> **Task to carry out**
Only the text of the records belongs in the answer, copied exactly and without pictures.

> **Materials provided**
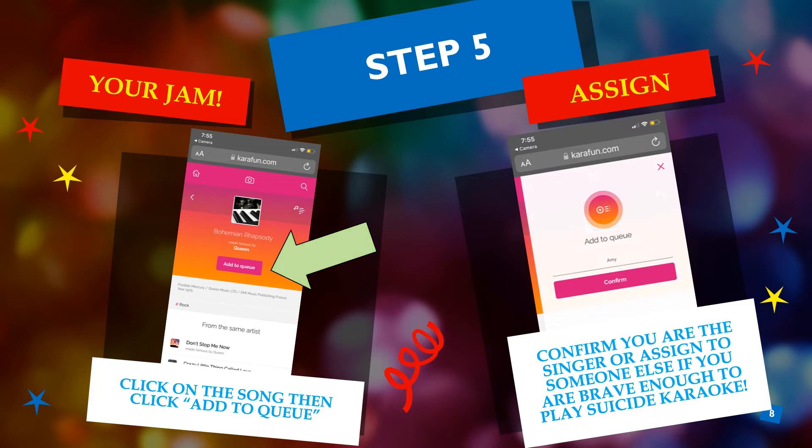It'll ask you for your name. If you're brave enough, type someone else's and play Suicide Karaoke.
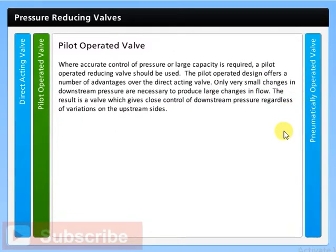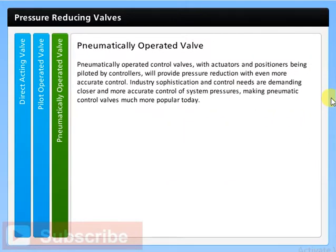Where accurate control of pressure or large capacity is required, a pilot operated reducing valve should be used. The pilot operated design offers a number of advantages over the direct acting valve — only very small changes in downstream pressure are necessary to produce large changes in flow. The result is a valve which gives close control of downstream pressure regardless of variations on the upstream side. Pneumatically operated control valves with actuators and positioners being piloted by controllers will provide pressure reduction with even more accurate control. Industry sophistication and control needs are demanding closer and more accurate control of system pressures, making pneumatic control valves much more popular today.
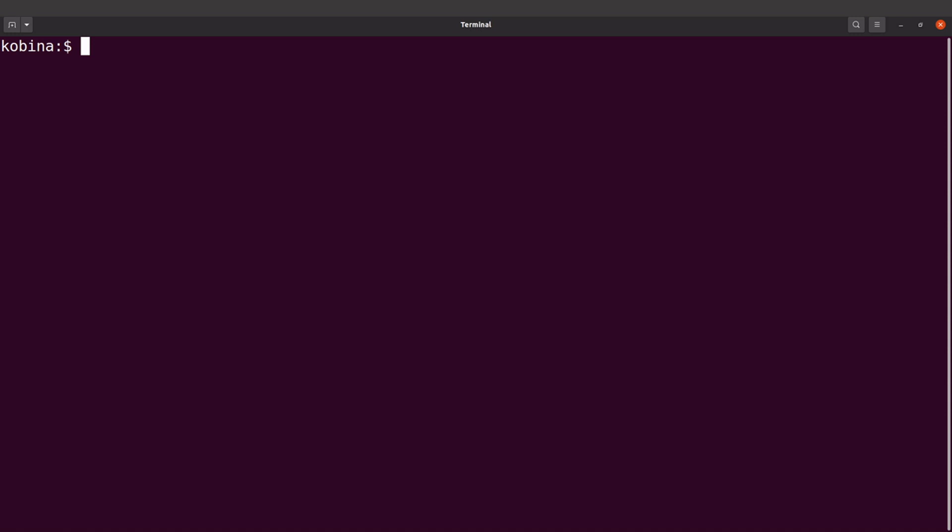Let's start with the first from bioconda. We say conda config --add channels bioconda. Let's add the second channel.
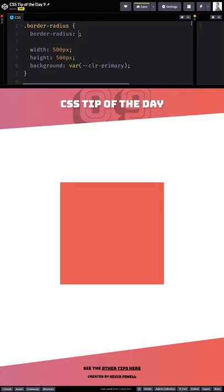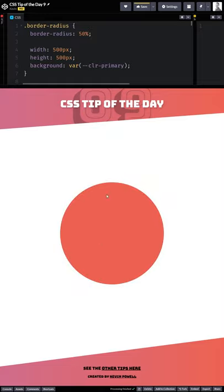If you've been writing CSS for a while, you probably know about border radiuses where you can do something like this: 50%. And if it's a square, it gives you a circle.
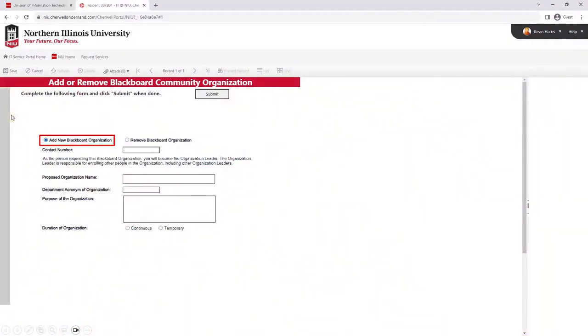To add a new Blackboard organization, select this option and complete the required information. When finished, click Submit.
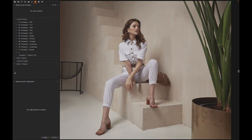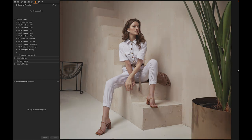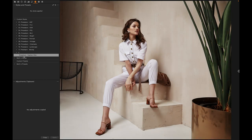Today's free Capture One style is named 'Fashion Film.' Here we have the before and after — this preset gives it a nice film look.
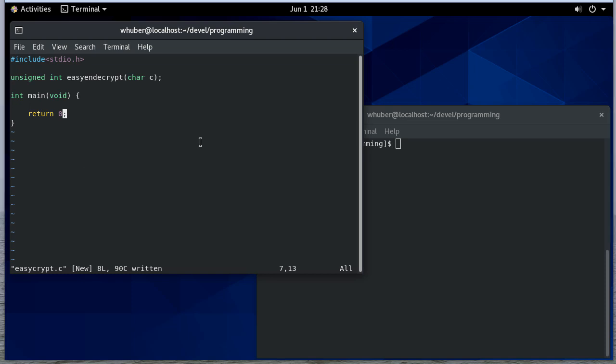So in this example, we're going to write a very simple encryption and decryption program that'll let us work at the Linux command line. We'll actually be able to use this as part of a pipe to do different things.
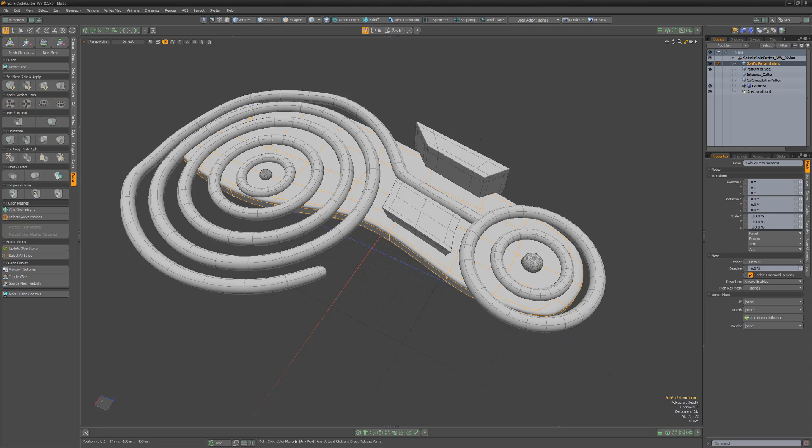For this video, I'd like to use this real-world example that was provided by an artist on the Foundry forums that needed assistance in creating a sole unit for a shoe. I saw this as an opportunity to help him with his project as well as introduce you to MeshFusion.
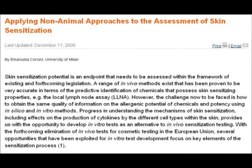Let's now go back to the Alltox website. In this slide I'm just interested in the last few lines, which read: with the forthcoming elimination of in vivo tests for cosmetic testing in the European Union, several opportunities that have been exploited in vitro test development focus on key elements of the sensitisation process. So when the elimination of in vivo tests — that is, tests involving animals — comes into force, you are going to need in vitro tests that have been validated to test for skin sensitisers.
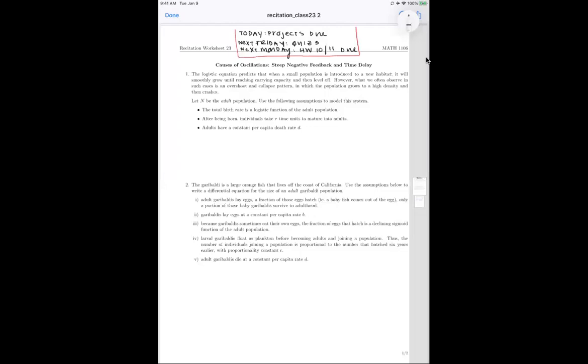Hi everyone. Today we're going to be doing Recitation Worksheet 23. This is the solutions video for Recitation Worksheet 23.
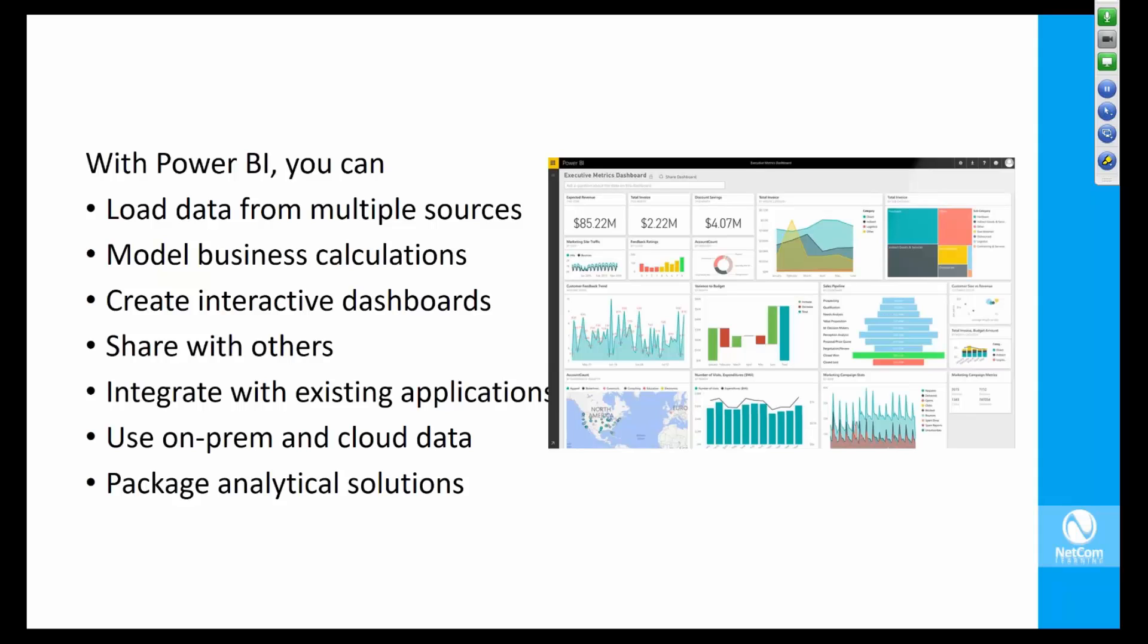You can also integrate with existing applications. There's a full API for pumping data into Power BI real-time. For example, if you need Internet of Things type reporting, you can do so. You can integrate the interface with existing applications. If you have a specific on-premises or cloud-based application for which you want to use Power BI dashboarding capabilities, you can do so through the API.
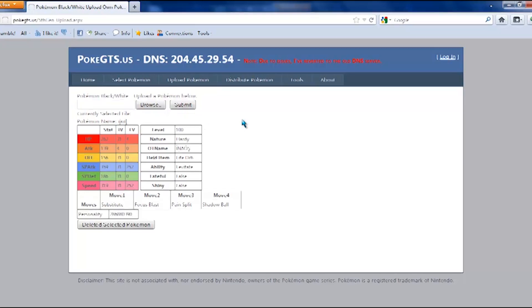Now that that is submitted, you are actually good. So we're going to go over to the DS, and I'm going to show you what to do from there.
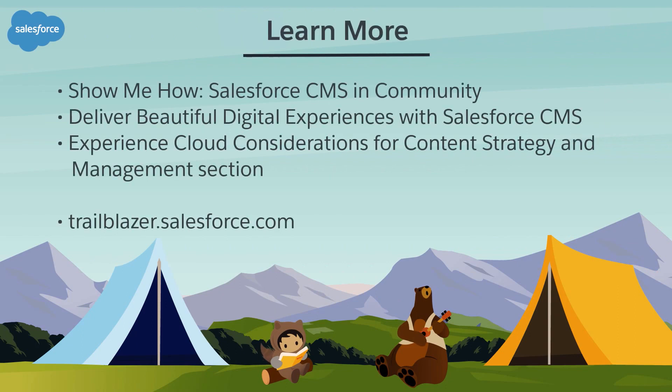To learn more, check out these resources, or join us on the trail at trailblazer.salesforce.com.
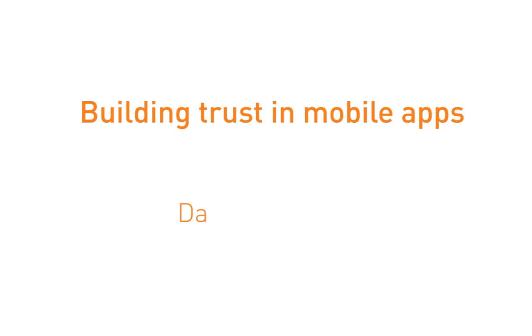Along with obfuscation, data encryption is also an important part of the security process.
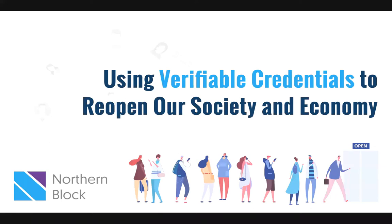Hello everyone. Hope you're all staying safe and healthy during these times. This video is about how verifiable credentials could be used to help us resume social and economic activities. We're doing this prior to our next webinar which is on May 13th. The webinar is themed using verifiable credentials to reopen our society and economy. You could find the event registration link on the video description of the YouTube page for this video.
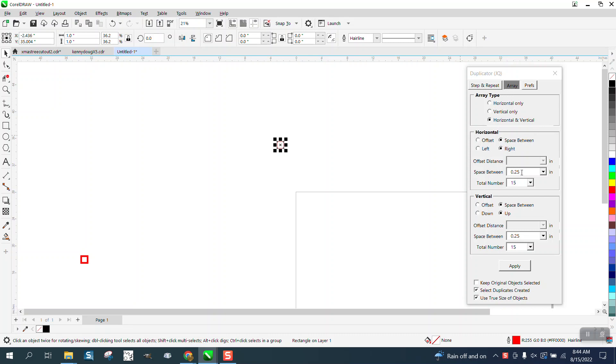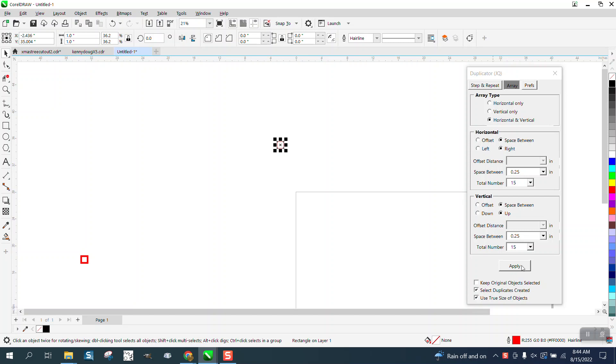So we're gonna go right and up with space between centers at a quarter inch, 15 of them, quarter inch, 15 of them. But I had not noticed this feature, which is what the email is about: use true size of objects.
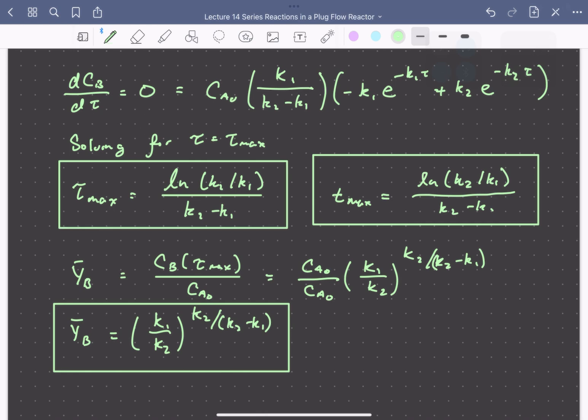This showed how for a system involving multiple series reactions in a plug-flow reactor, we are able to solve the mole balances analytically to get expressions for concentration profiles and the conditions under which we maximize the selectivity and yield to our desired product.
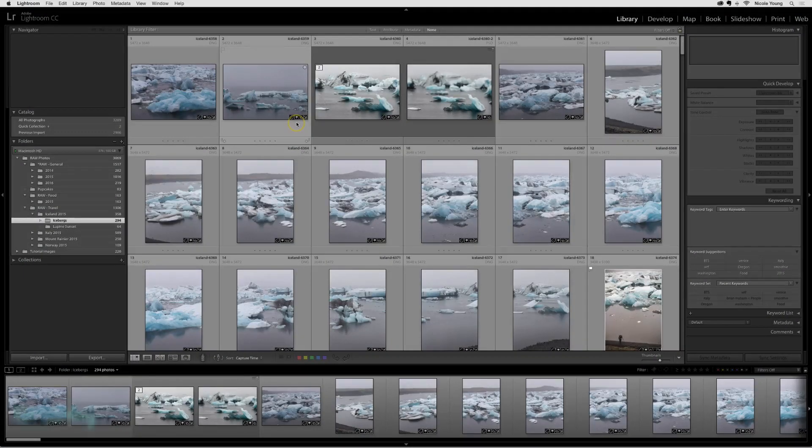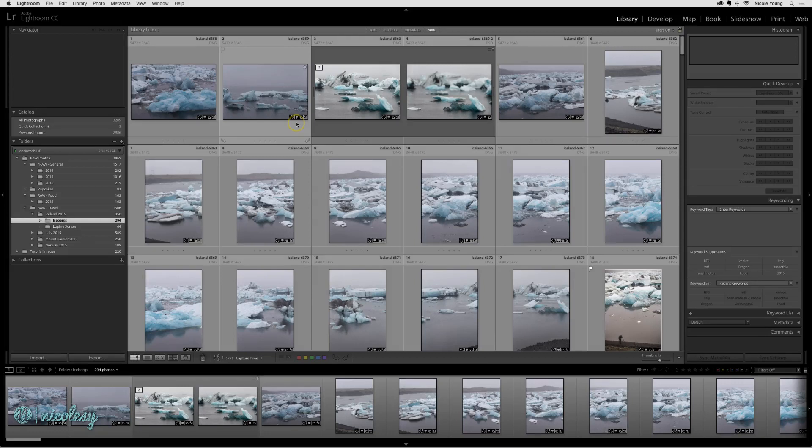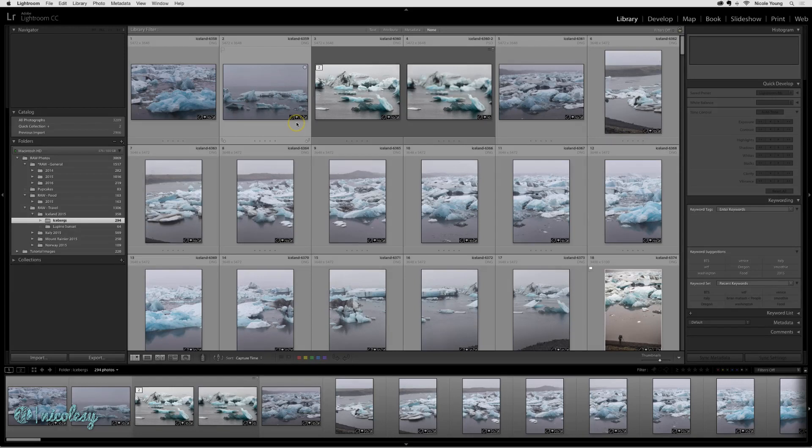Every once in a while I forget to change the setting on my camera to adjust my time so that it reflects the current time where I am photographing. When this happens, my time zones are usually way off and the actual date and time of my photographs is inaccurate.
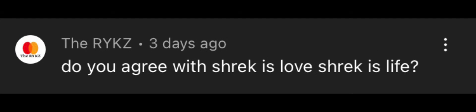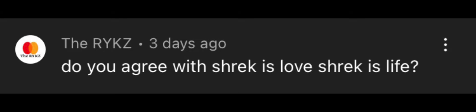Do you agree with Shrek is love, Shrek is life? I was only nine—you are cringe. Are you actually cringe? Yes. Are you a question? Or are we? Yes.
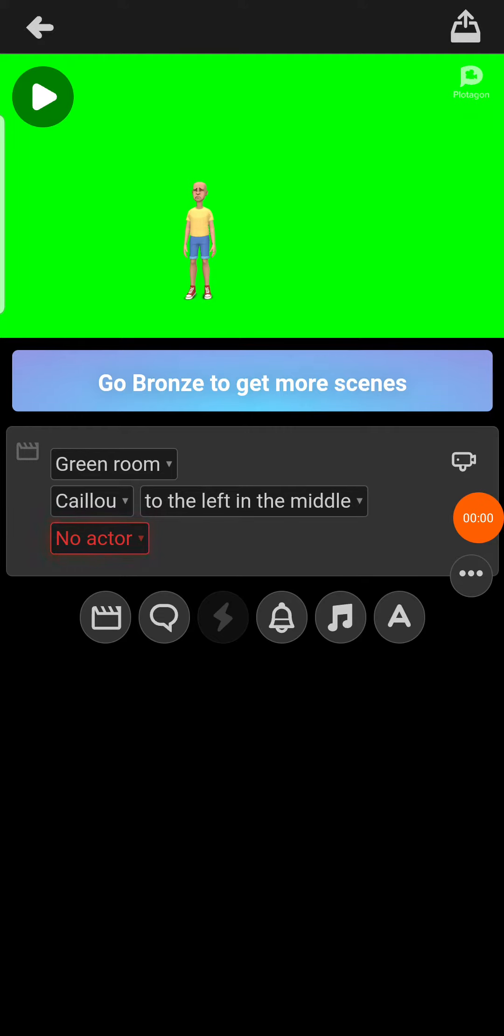Hey guys, welcome back to another video. So today, I'm going to show you guys how to make Plotagon characters cry.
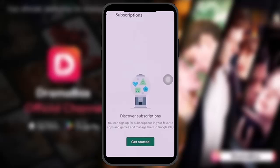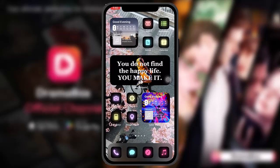Once you tap on it, under your plan you'll find the Cancel Subscription option. Tap on that, and a small dialog box will appear asking you to confirm your cancellation. Simply tap on Confirm, and once you do that you'll be unsubscribed from DramaBox.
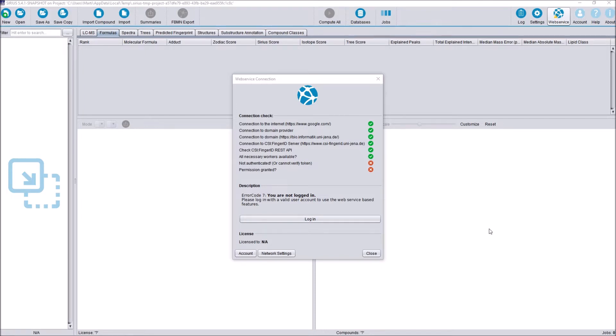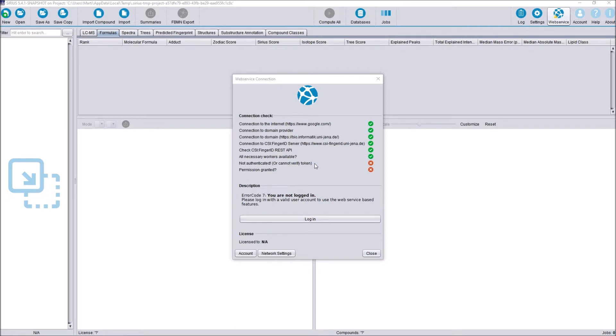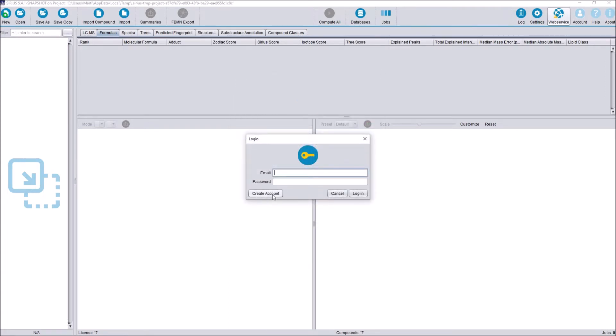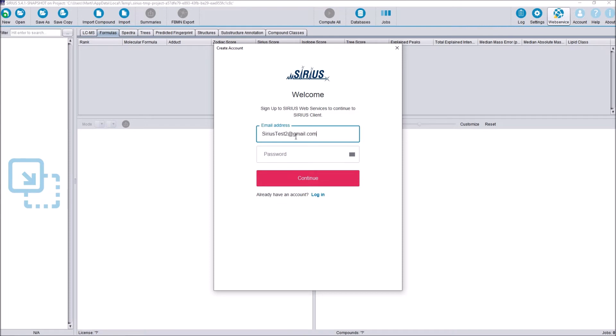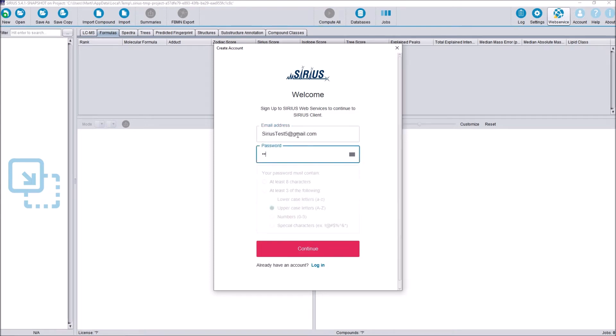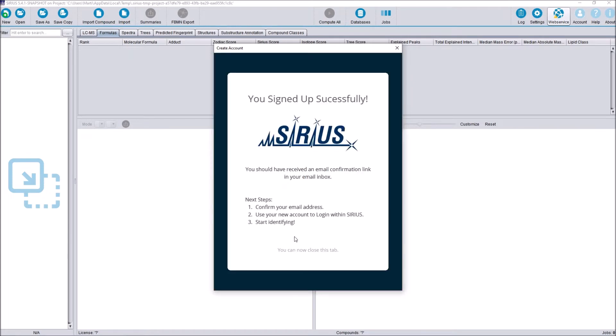As usual, the software is downloadable from our website, which will also be linked in the description. From this version on, SIRIUS 5 uses an account-based login system. When we first start the software, we are not going to be logged in, which means we are not authenticated and we don't have any permissions granted. Since we don't have an account right now, we need to create one. For that, we either go to login or to account here and then we can create an account with this button. We now need to enter our email address and some kind of secure password. Then we can continue and we are asked to confirm our email address. So for that, go to your email inbox, confirm your account via the link and then you are ready to log in.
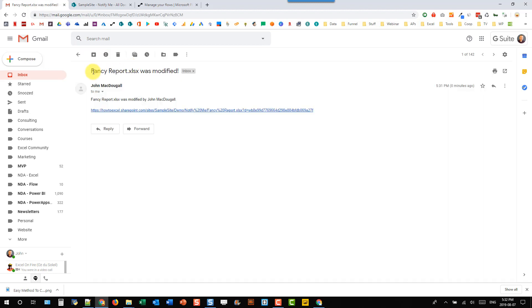And I can see that fancy report was modified. And it was modified by John McDougall. So me. And I can click this link right here. And it's going to open up my document.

> **Answer section**
It'll ask you for your name. If you're brave enough, type someone else's and play Suicide Karaoke.
Where accurate control of pressure or large capacity is required, a pilot operated reducing valve should be used. The pilot operated design offers a number of advantages over the direct acting valve — only very small changes in downstream pressure are necessary to produce large changes in flow. The result is a valve which gives close control of downstream pressure regardless of variations on the upstream side. Pneumatically operated control valves with actuators and positioners being piloted by controllers will provide pressure reduction with even more accurate control. Industry sophistication and control needs are demanding closer and more accurate control of system pressures, making pneumatic control valves much more popular today.
Let's start with the first from bioconda. We say conda config --add channels bioconda. Let's add the second channel.
If you've been writing CSS for a while, you probably know about border radiuses where you can do something like this: 50%. And if it's a square, it gives you a circle.
To add a new Blackboard organization, select this option and complete the required information. When finished, click Submit.
Today's free Capture One style is named 'Fashion Film.' Here we have the before and after — this preset gives it a nice film look.
So in this example, we're going to write a very simple encryption and decryption program that'll let us work at the Linux command line. We'll actually be able to use this as part of a pipe to do different things.
For this video, I'd like to use this real-world example that was provided by an artist on the Foundry forums that needed assistance in creating a sole unit for a shoe. I saw this as an opportunity to help him with his project as well as introduce you to MeshFusion.
Let's now go back to the Alltox website. In this slide I'm just interested in the last few lines, which read: with the forthcoming elimination of in vivo tests for cosmetic testing in the European Union, several opportunities that have been exploited in vitro test development focus on key elements of the sensitisation process. So when the elimination of in vivo tests — that is, tests involving animals — comes into force, you are going to need in vitro tests that have been validated to test for skin sensitisers.
Hi everyone. Today we're going to be doing Recitation Worksheet 23. This is the solutions video for Recitation Worksheet 23.
You can also integrate with existing applications. There's a full API for pumping data into Power BI real-time. For example, if you need Internet of Things type reporting, you can do so. You can integrate the interface with existing applications. If you have a specific on-premises or cloud-based application for which you want to use Power BI dashboarding capabilities, you can do so through the API.
Now that that is submitted, you are actually good. So we're going to go over to the DS, and I'm going to show you what to do from there.
To learn more, check out these resources, or join us on the trail at trailblazer.salesforce.com.
Along with obfuscation, data encryption is also an important part of the security process.
Hello everyone. Hope you're all staying safe and healthy during these times. This video is about how verifiable credentials could be used to help us resume social and economic activities. We're doing this prior to our next webinar which is on May 13th. The webinar is themed using verifiable credentials to reopen our society and economy. You could find the event registration link on the video description of the YouTube page for this video.
So we're gonna go right and up with space between centers at a quarter inch, 15 of them, quarter inch, 15 of them. But I had not noticed this feature, which is what the email is about: use true size of objects.
This showed how for a system involving multiple series reactions in a plug-flow reactor, we are able to solve the mole balances analytically to get expressions for concentration profiles and the conditions under which we maximize the selectivity and yield to our desired product.
Every once in a while I forget to change the setting on my camera to adjust my time so that it reflects the current time where I am photographing. When this happens, my time zones are usually way off and the actual date and time of my photographs is inaccurate.
Do you agree with Shrek is love, Shrek is life? I was only nine—you are cringe. Are you actually cringe? Yes. Are you a question? Or are we? Yes.
Hey guys, welcome back to another video. So today, I'm going to show you guys how to make Plotagon characters cry.
Once you tap on it, under your plan you'll find the Cancel Subscription option. Tap on that, and a small dialog box will appear asking you to confirm your cancellation. Simply tap on Confirm, and once you do that you'll be unsubscribed from DramaBox.
As usual, the software is downloadable from our website, which will also be linked in the description. From this version on, SIRIUS 5 uses an account-based login system. When we first start the software, we are not going to be logged in, which means we are not authenticated and we don't have any permissions granted. Since we don't have an account right now, we need to create one. For that, we either go to login or to account here and then we can create an account with this button. We now need to enter our email address and some kind of secure password. Then we can continue and we are asked to confirm our email address. So for that, go to your email inbox, confirm your account via the link and then you are ready to log in.
And I can see that fancy report was modified. And it was modified by John McDougall. So me. And I can click this link right here. And it's going to open up my document.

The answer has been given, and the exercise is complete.